Exercise brief:
Quote the records beneath, complete and exact. Leave out images.

Data for this task:
· · · · · · ·
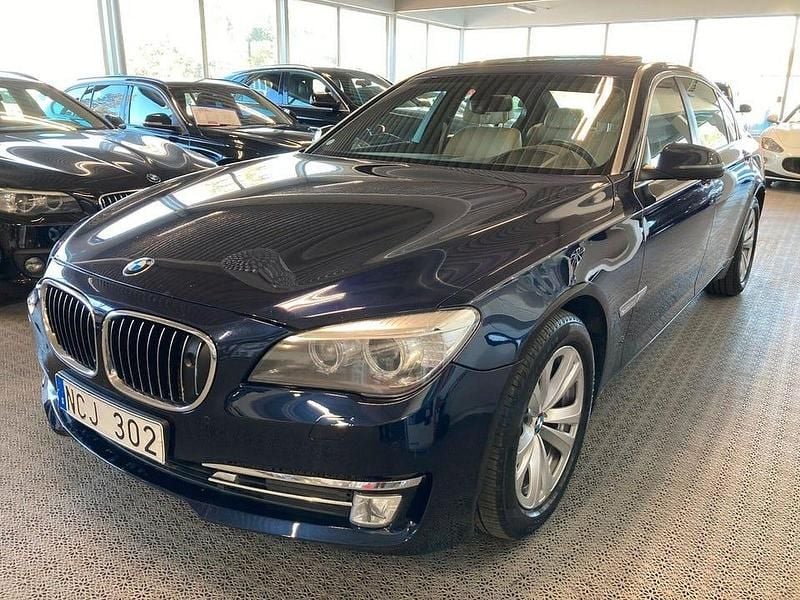 Begagnad BMW 730L Shadowline 258 HK (189 kW) 2012 Blå Sedan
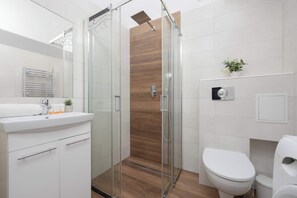 Douche, sĂšche-cheveux, serviettes fournies, shampoing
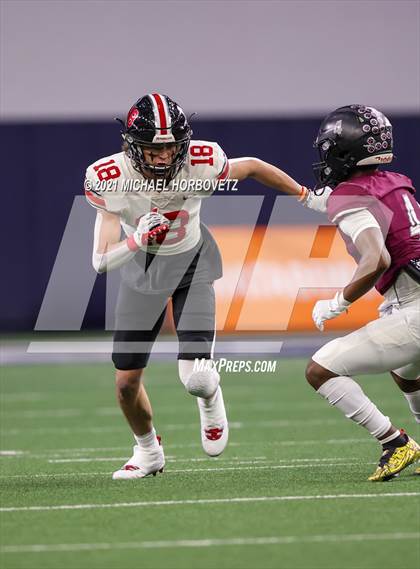Thumbnail 3 in Lovejoy vs. Mansfield Timberview (UIL 5A Region Semifinals) photogallery.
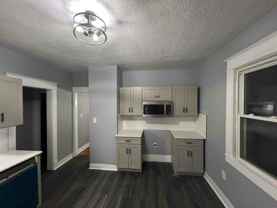 180 Oak Grove Ave - Photo 1 of 1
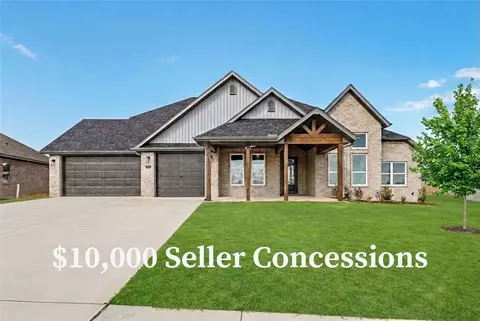 1301 Greyback Ln, Centerton, AR 72719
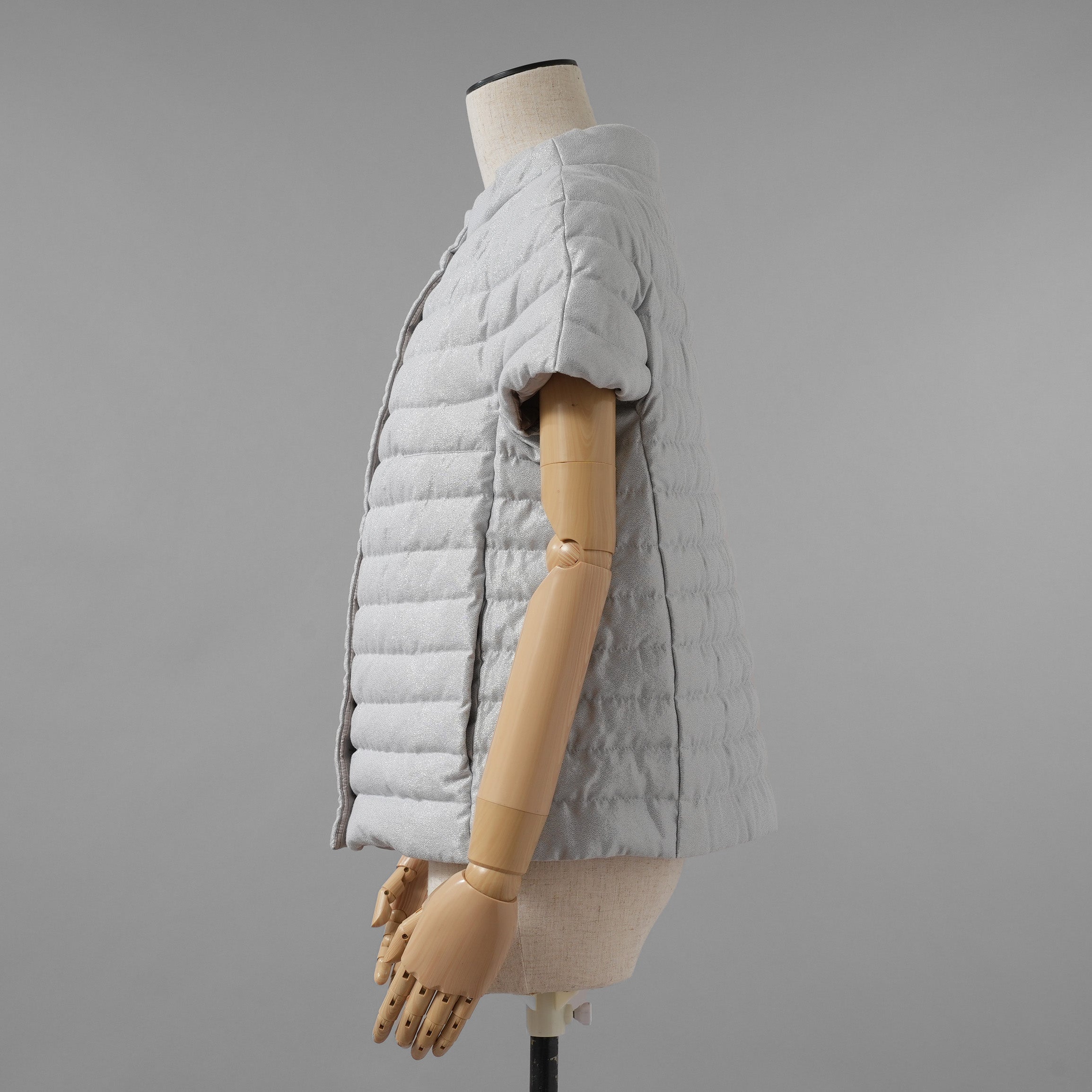 HERNO ヘルノ / 美品 22AW ICONICO EMILIA イコニコ エミリア ダウン ジャケット 半袖 / PI001879D -12614-9409 / size 42 (GRAY) レディース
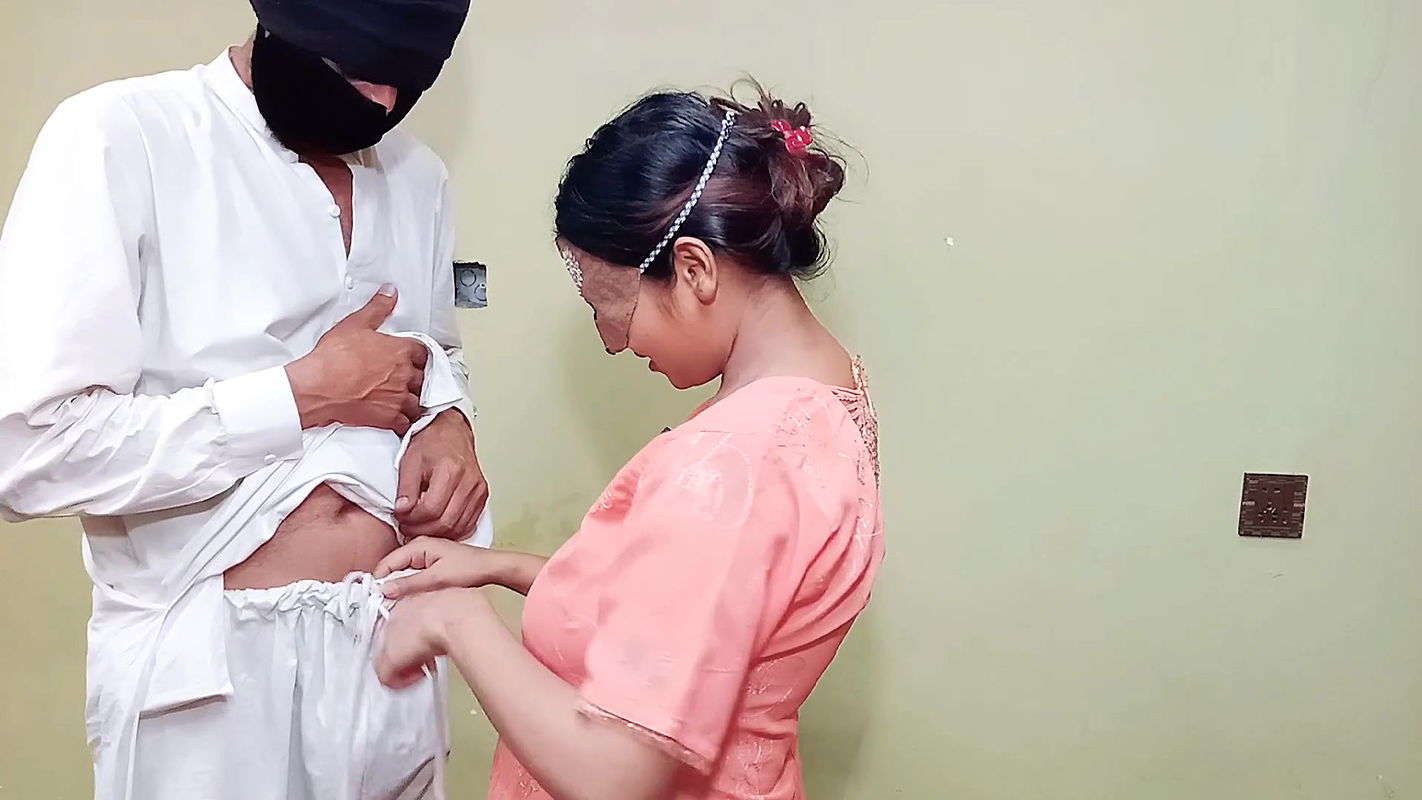 Indian Desi Tailor ny Aunty ko Ghori bana k Gand Chod Chod k Phar d Hindi Audio Indian Aunty Sex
· · · · · · ·
Task solution:
 Begagnad BMW 730L Shadowline 258 HK (189 kW) 2012 Blå Sedan
 Douche, sĂšche-cheveux, serviettes fournies, shampoing
Thumbnail 3 in Lovejoy vs. Mansfield Timberview (UIL 5A Region Semifinals) photogallery.
 180 Oak Grove Ave - Photo 1 of 1
 1301 Greyback Ln, Centerton, AR 72719
 HERNO ヘルノ / 美品 22AW ICONICO EMILIA イコニコ エミリア ダウン ジャケット 半袖 / PI001879D -12614-9409 / size 42 (GRAY) レディース
 Indian Desi Tailor ny Aunty ko Ghori bana k Gand Chod Chod k Phar d Hindi Audio Indian Aunty Sex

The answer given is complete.